There is one built-in function inside the class: automata_execution, that uses the parameters from BlueAutomata to compile the raw data files stored in your specified folder_path and return the compiled data as a dataframe

automata_execution(self)

Info

Read this to learn more on the data compilation workflow

1.1 Usage Example

Read the first five rows of the compiled data

Example
data = BlueAutomata(
    folder_path = 'data/fakesystem',
    checklist = 'data/checklist.xlsx',
    staff_data = 'data/fakedata.xlsx',
    name_key = ['NASDAQ', 'KLSE', 'NYSE'],
    name_code = [1, 1, 1]
)

df = data.automata_execution
df.head()

Tips

Go to this notebook section to see the code in action using Jupyter notebook

2. Categorized File Export

To quickly export the large compiled dataset into individual Excel files for each category, you can work with the BatchExport class that takes two input parameters:

BatchExport(
    destination = 'PATH',
    masterlist = 'PATH'
)

You tell the class where your masterlist or your compiled data is stored and where your want to store the output from the function.
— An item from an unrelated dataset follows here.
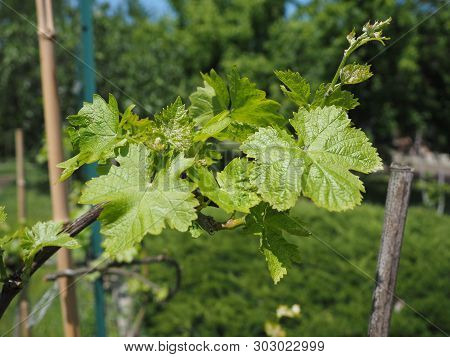 Vitis (grapevine) Plant Leaves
You can then call the function batch_export to start the operation:

batch_export(self)

2.1 Usage Example

Export masterlist into individuals Excel files by category:

Example
df = BatchExport(
    destination = 'data/fakedept',
    masterlist = 'data/automataoutput.xlsx',
)

df.batch_export

Tips

Go to this notebook section to see the code in action using Jupyter notebook

3. Using VBA

If you want to apply some VBA functions on the exported Excel files, you can call the class automate_vba that takes two parameters filepath and macro.

  • filepath is the path towards as macro-enabled notebook where your macro modules are stored.
  • macro is the name of the macro that you want to apply on the selected files
automate_vba(
    filepath = 'MACRO_ENABLED_WORKBOOK_FILEPATH',
    macro = 'YOURMACRONAME'
)

Warning

In this function, it requires the VBA itself to allow user to select file by popping up a file explorer window, thus the function is meant to call the VBA function, but is not able to know which files that the macro will be executed on.

To add file selection function to your VBA program, see this.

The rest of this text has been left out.